Inserting keys: [10, 20, 5, 6, 12, 30, 7, 17, 3, 16, 21, 24, 25, 26, 27]

B-Tree structure:
Level 0: [12, 20, 25]
  Level 1: [3, 5, 6, 7, 10]
  Level 1: [16, 17]
  Level 1: [21, 24]
  Level 1: [26, 27, 30]

Searching for keys:
  Key 6: FOUND
  Key 16: FOUND
  Key 21: FOUND
  Key 100: NOT FOUND

--- Performance Analysis ---
Tree order (fanout): 5
Max keys per node: 4

Estimated tree height (= disk seeks):
Dataset         Fanout=5   Fanout=100   Fanout=1000
1 thousand      5          2            1
1 million       9          3            2
1 billion       13         5            3

Disk access time on HDD (10ms per seek):
Dataset         Fanout=5   Fanout=100   Fanout=1000
1 thousand      50ms       20ms         10ms
1 million       90ms       30ms         20ms
1 billion       130ms      50ms         30ms

Why this implementation works:

Each node stores up to order - 1 keys
Split operation maintains the B-Tree invariants
Binary search within nodes reduces comparisons
Tree height stays logarithmic

When you insert a key into a full leaf node, the node must split.

Split algorithm:

Find the midpoint of the full node
Create a new sibling node
Move half the keys to the new node
Promote the middle key to the parent
If parent is full, split it recursively

Figure 3: Node split during insertion.
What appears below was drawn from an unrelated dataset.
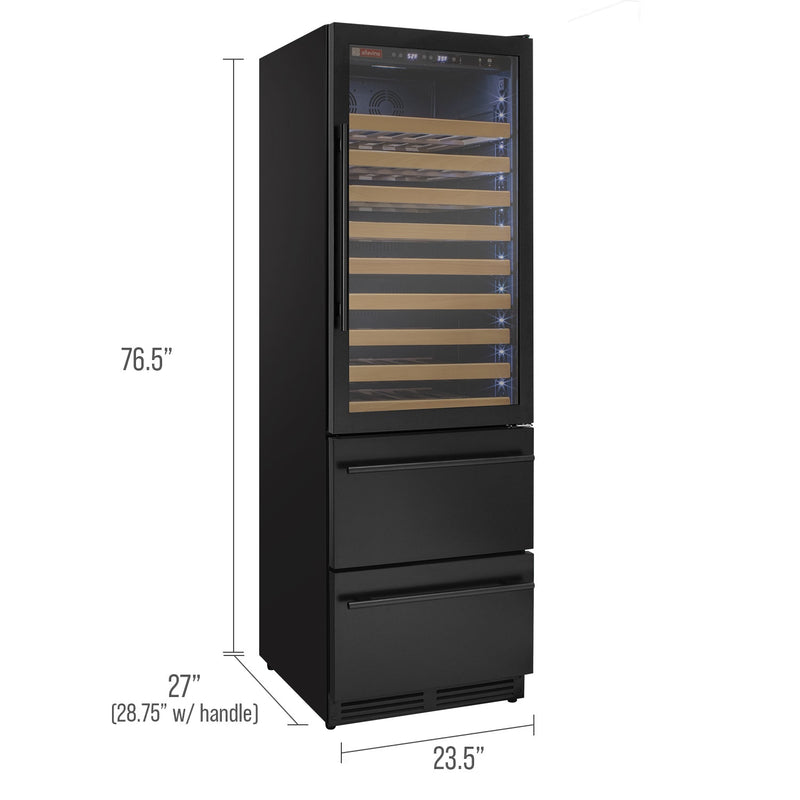 76.5" Tall Black Wine Refrigerator with Two Refrigerated Drawers Allavino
The full node is split at the midpoint, and the middle key (30) is promoted to the parent.

When splits propagate to the root:

The root is split into two nodes
A new root is created with one key (the promoted key from the old root)
Tree height increases by 1

This is the only way tree height increases in a B-Tree. B-Trees grow upward from the leaves, not downward from the root.

When you delete a key from a node and it becomes too empty (below 50% capacity), it merges with a sibling.

Merge algorithm:

Copy all keys from right sibling to left sibling
Demote the separator key from parent into the merged node
Remove the right sibling
If parent becomes too empty, merge it recursively

Figure 4: Node merge during deletion. When the right node becomes too empty, it merges with the left node, pulling the separator key from the parent.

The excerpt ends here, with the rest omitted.